Interviewer: Q: Donors Forum of South Florida recently gave your foundation an IMPACT Award for small grantmaking (grants of $10,000 - $25,000) that has made a positive impact. What was your advocacy related grant for, and how did you promote making it within your foundation?
Interviewee: A: The specific award was for a one-year grant we made in 2003 with a subsequent commitment for two more years of funding to start what became the Women's Advocacy Project at the Women's Fund of Miami-Dade County (the "Women's Fund").
Our Foundation had been giving the Women's Fund money to make grants to organizations that were providing services and programs like health care or ballet classes for underserved kids. But the Women's Fund had come to a point where they needed to build their organizational capacity.
I had some discussions with the Women's Fund about how we could help them grow in a way that would allow them to have impact. Consequently, I made a personal donation to them through a donor advised fund that I have, The Elliot Fund, and then told my family about the contribution, the organization's great work, and its need to grow.
I suggested that our Foundation do something with the Women's Fund that would both honor my grandfather and allow us, the trustees, to help shape it the way we wanted. Since he was an immigrant to this country and we live in a community filled with immigrants, we decided to look at our funding through an immigrant lens. The Women's Fund, which focuses on programs serving women and children, was thinking along the same lines.

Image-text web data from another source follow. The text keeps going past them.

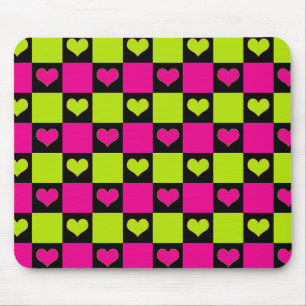 Kopfhörer an der Tafel - Kalkgrün, Hot-Pink und Sc Mousepad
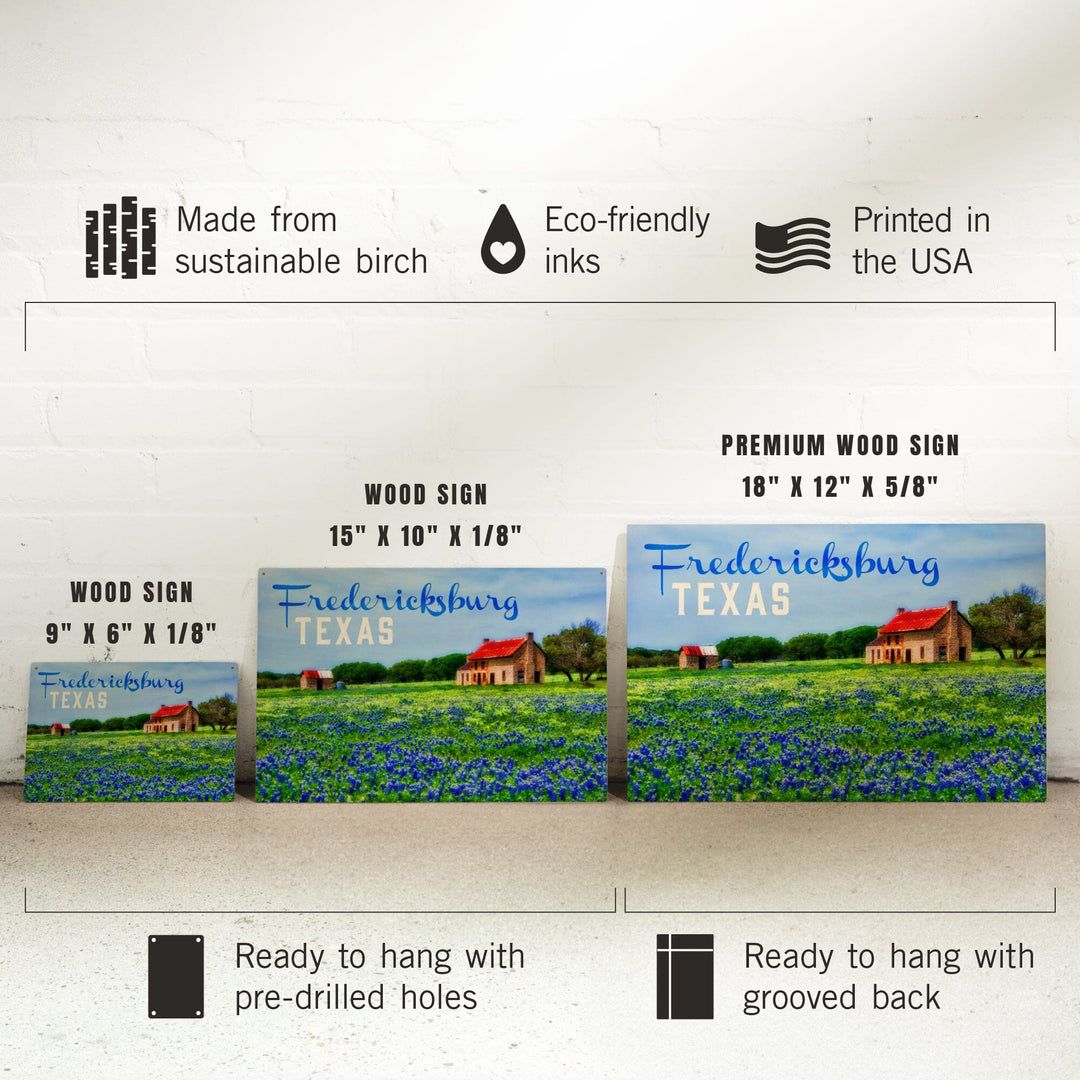 Fredericksburg, Texas, Bluebonnets, Lantern Press Photography, Wood Signs and Postcards - Lantern Press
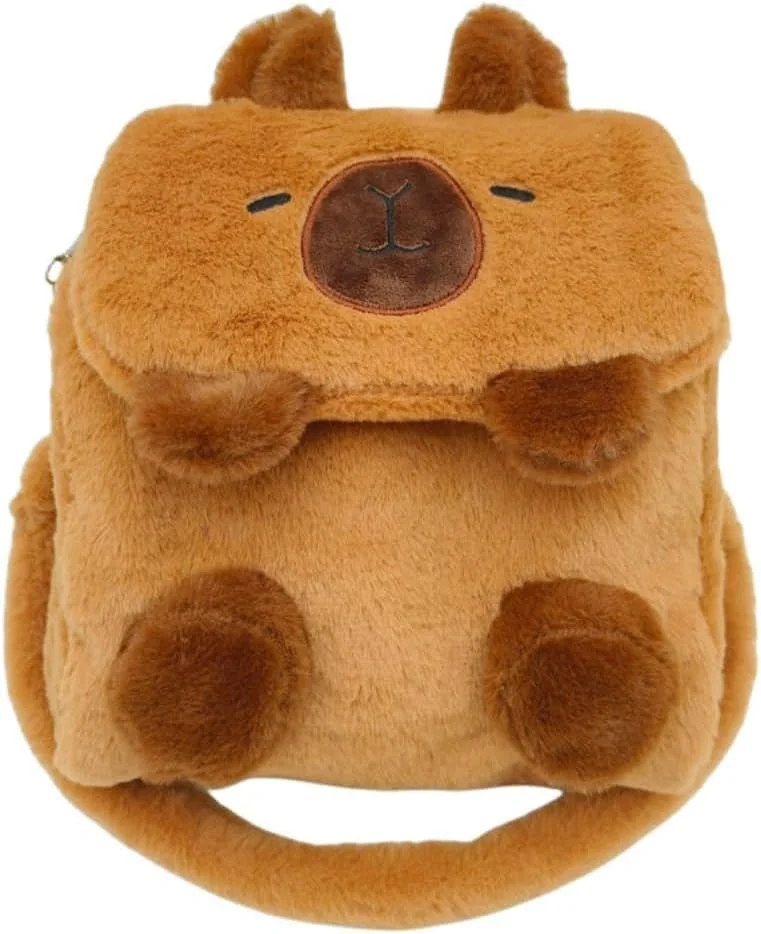 کیف رودوشی پولیشی طرح کاپیبارا برای خانم‌ها، کیف دستی حیوانات پر شده نرم با بند قابل تنظیم، کوله پشتی قهوه ای دوستداران حیوانات برای استفاده روزانه و هدیه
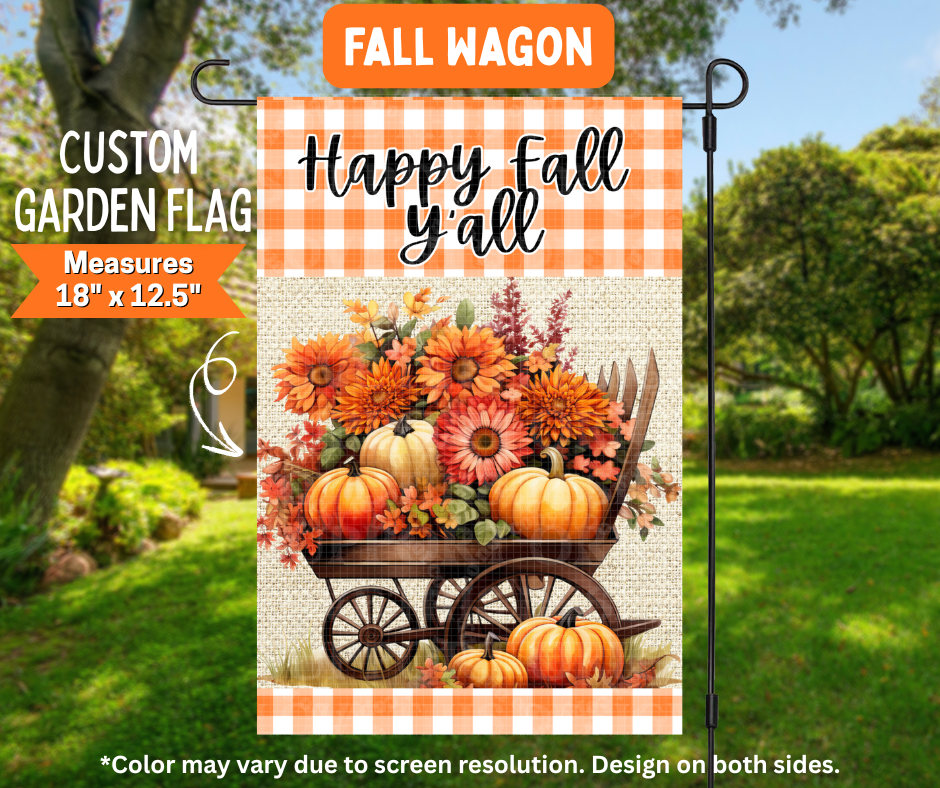 Preorder! Closes 7/6. ETA Oct. Fall Wagon Garden Flag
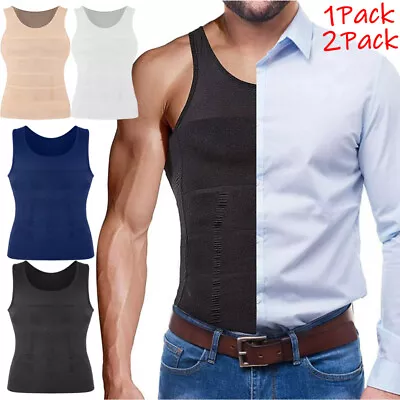 Men Compression Vest Body Shaper Chest Belly Waist Boobs Slimming Shirt Tank Top • £9.99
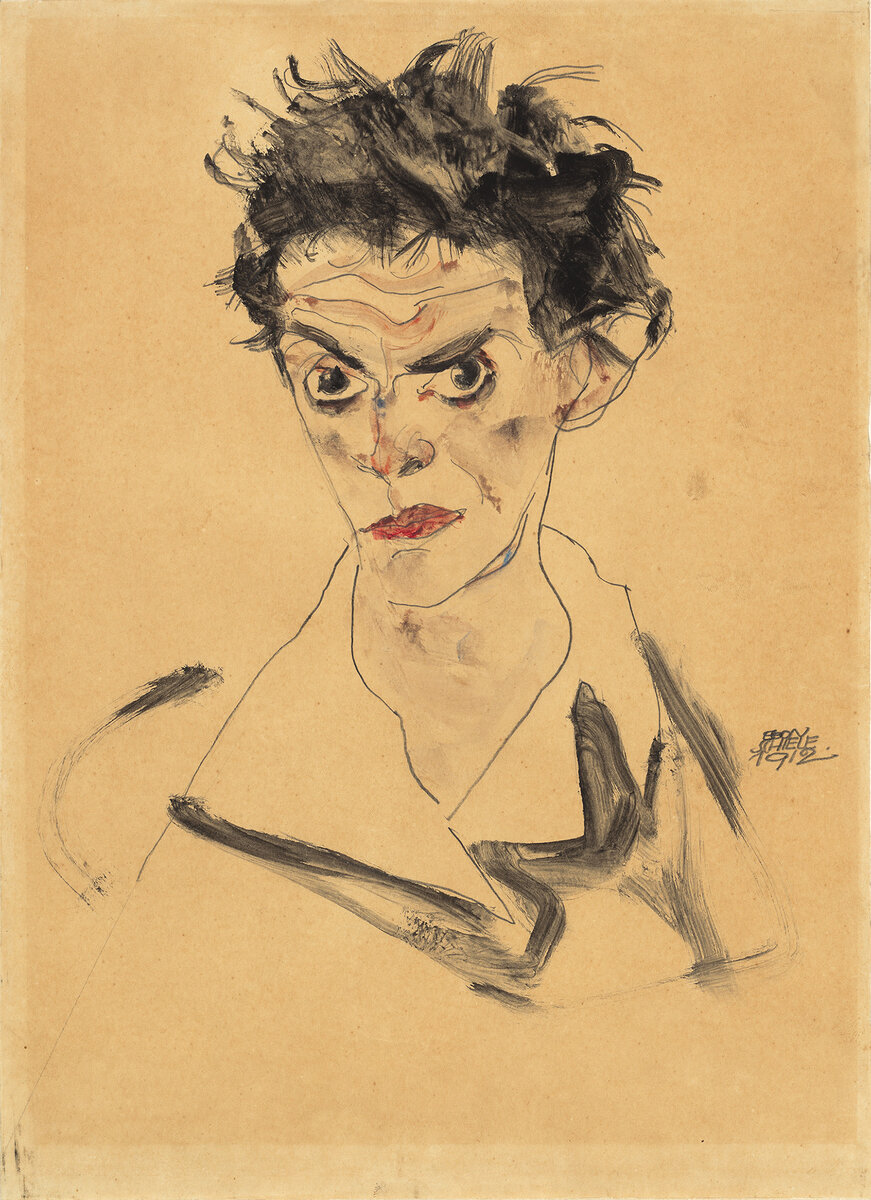 Egon Schiele, Selbstbildis (Autoportrait), 1912. Aquarelle et mine de plomb sur papier dessin japonais. National Gallery of Art, Washington. Donation de Hildegard Bachert à la mémoire d'Otto Kallir, 1997. Image : Avec l'aimable autorisation de la National Gallery of Art, Washington.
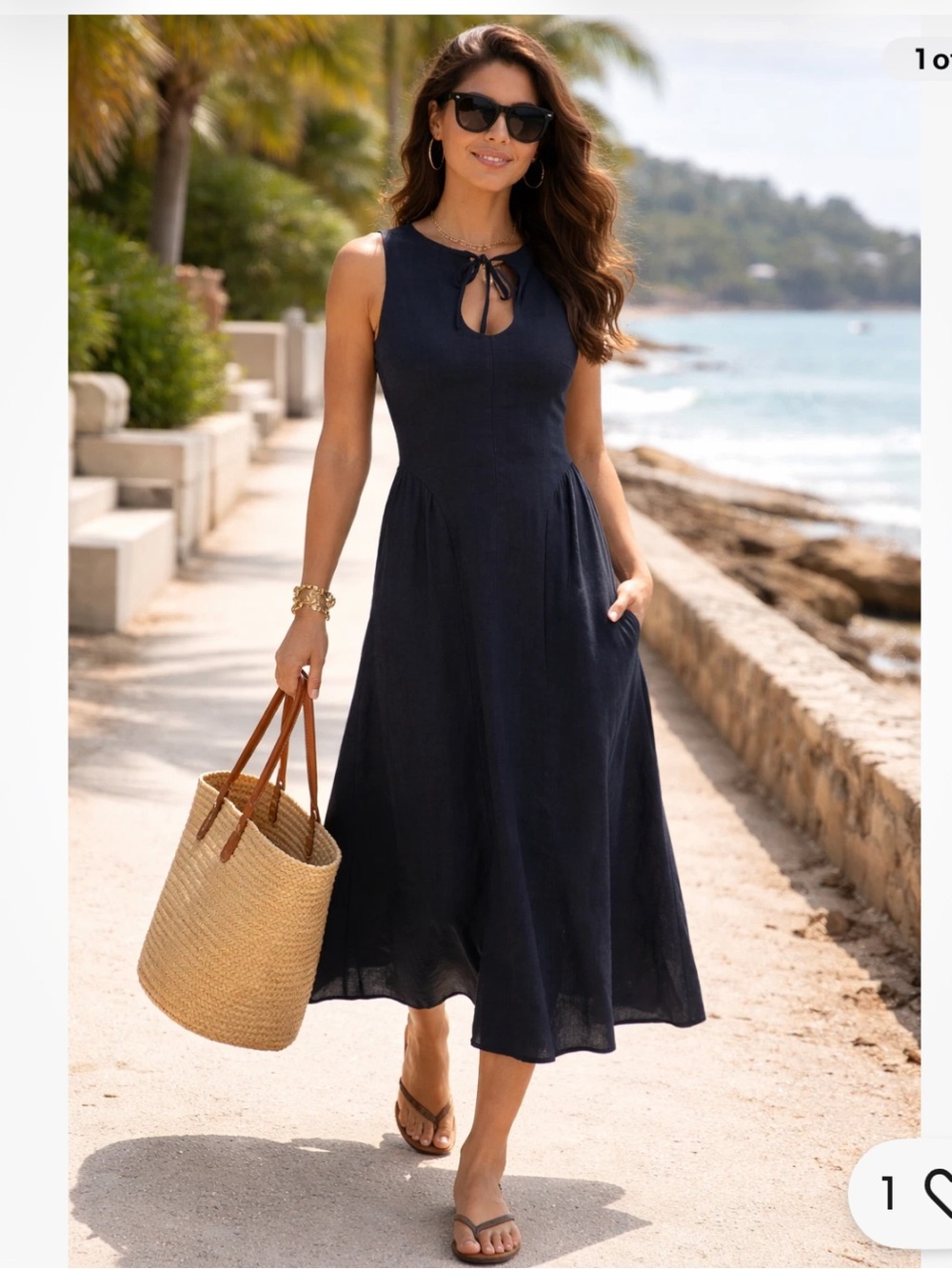 Camila Coelho Navy Blue Linen-Blend Tie-Neck Midi Dress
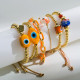 Pulseras de esmalte de cobre con cuerda de ojo del diablo de moda, 1 pieza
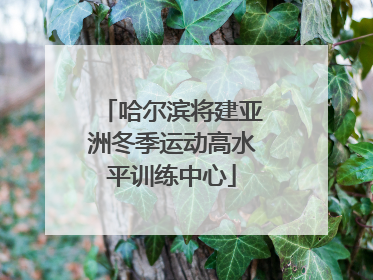 哈尔滨将建亚洲冬季运动高水平训练中心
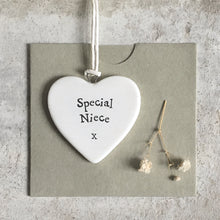 Load image into Gallery viewer, Porcelain Hanging Heart Plaque | Special Niece

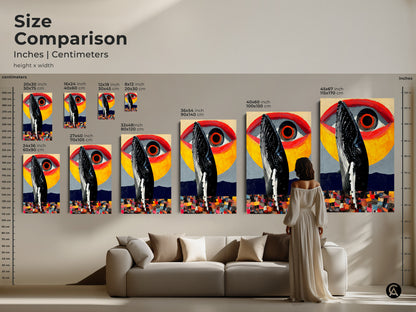 Size comparison for this unique whale eye artwork. Visualize canvas and poster options in inches and centimeters. See how sizes from small to large fit in your space. Perfect for eclectic office or living room decor. Elevate your walls with surreal abstract art in yellow red and gray tones.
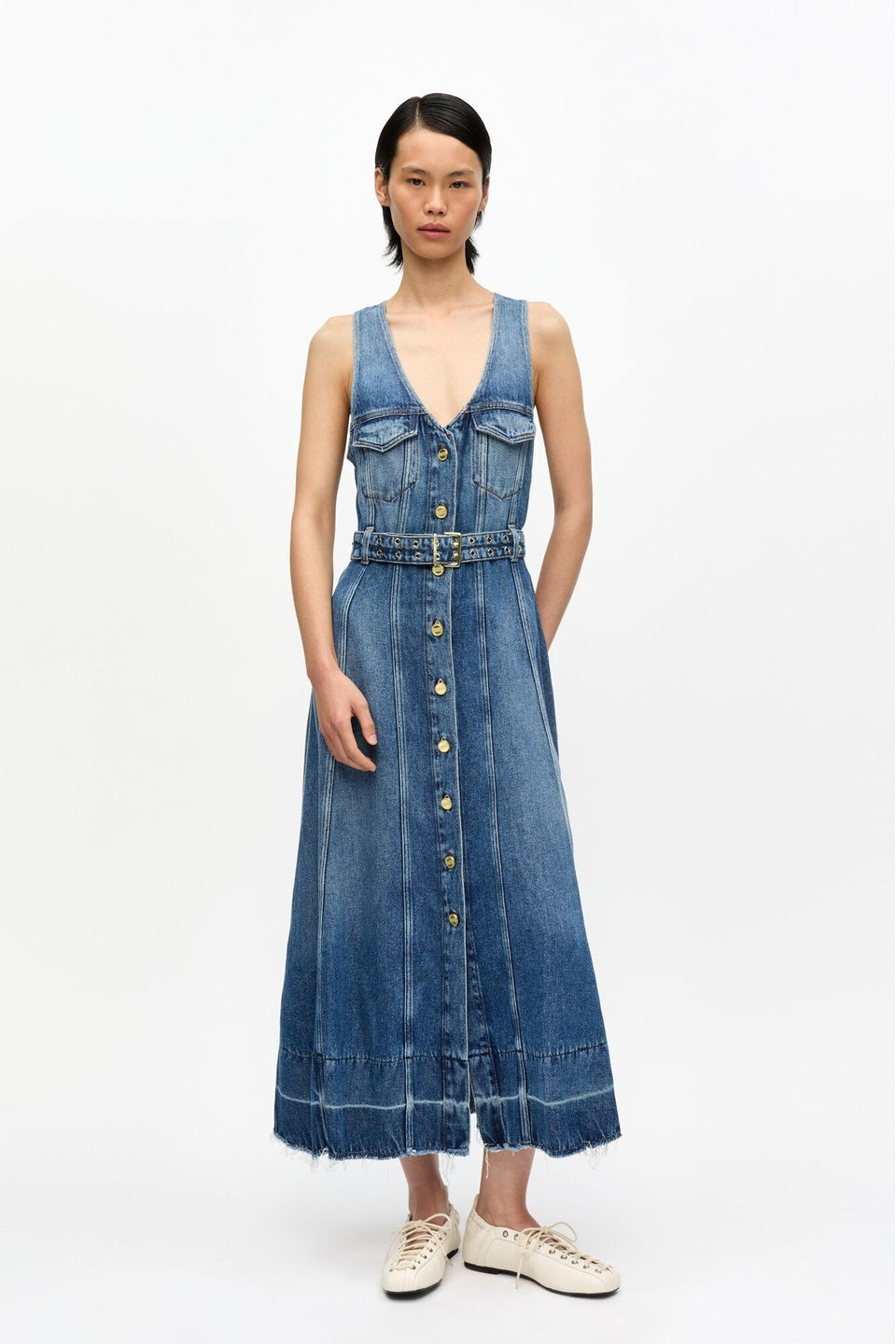 GANNI-Blue Belted Midi Dress-NOWALL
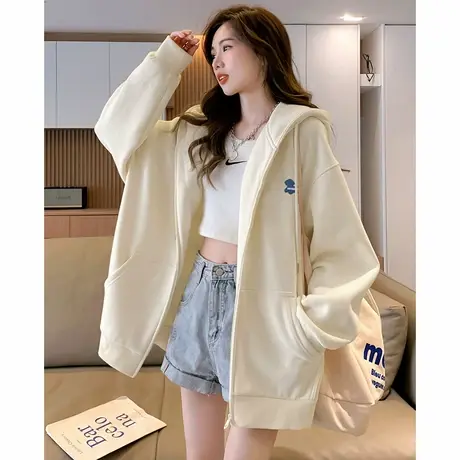 唐狮秋冬新款女连帽外套爆款奶白色卫衣开衫休闲风慵懒感宽松tuTA图片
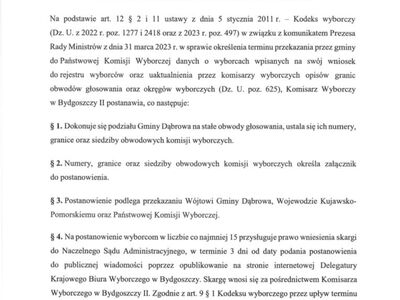 Postanowienie Nr 19.2023 Komisarza Wyborczego w Bydgoszczy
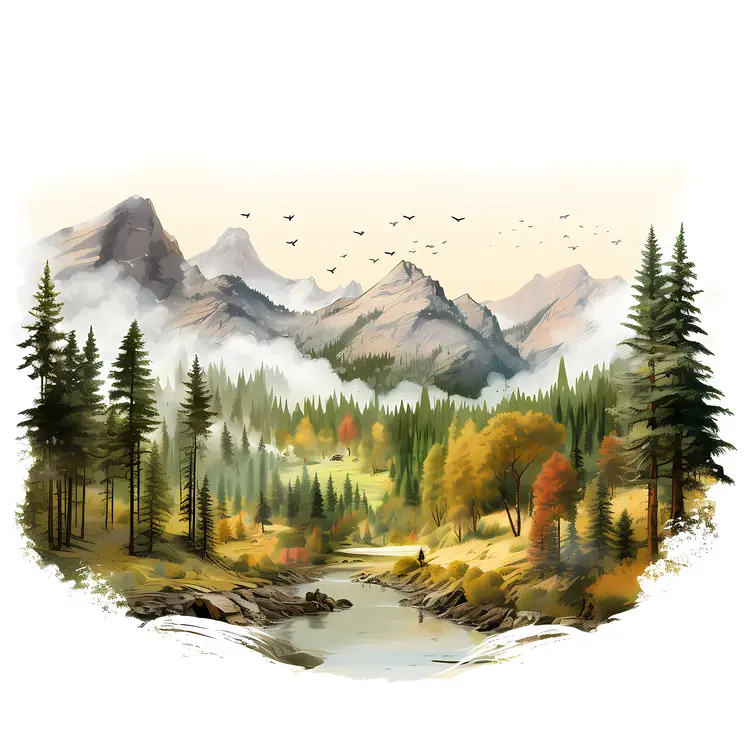 Autumn Mountain Landscape with River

The Women's Fund wanted to have a forum on immigration, and the Foundation agreed to provide funding for it. The Women's Fund pulled together six service providing organizations who were working with immigrant women and children. After holding the immigration forum the Women's Fund came to us and asked if we would be willing to support hiring staff for a coalition of these groups to follow through on recommendations from the forum's participants. And that is what led to the creation of the Women's Advocacy Project.
From my point of view, this kind of work at the grassroots level to organize people around issues has real impact. It's building a base for long-term advocacy and the voices are coming from the communities that are affected by the various policies and issues. If you want long-term change, advocacy funding can help make sure that people who need to be at the table are there.
Interviewer: Q: How do the women use the Women's Advocacy Project?
Interviewee: A: I will give you an example from last month. The women, knowing that there was a May Day/Immigrant Rights Day event, came together and talked about how they wanted to participate. They decided to take a bus up to Orlando where the big state rally was taking place. They took about 50 women, some service providers and some women in communities that were interested in the issues, to Orlando. They had advocacy training on the bus ride to Orlando and on the way back -- 4 hours each way.
Another example is about flowers that come into the country through Miami. Many of them come from Colombia and workers in a flower company in Colombia, Dole Fresh Flowers, had reported that they were laboring under poor working conditions. So, Colombian women connected through the Women's Advocacy Project organized a rally supportive of the women in Colombia. The rally was aimed at pressuring Dole Fresh Flowers to treat its workers better. There are other examples of how the Women's Advocacy Project has created a space for these women to come together to advocate around the issues. In each of these cases, there was no other place for them to turn to organize.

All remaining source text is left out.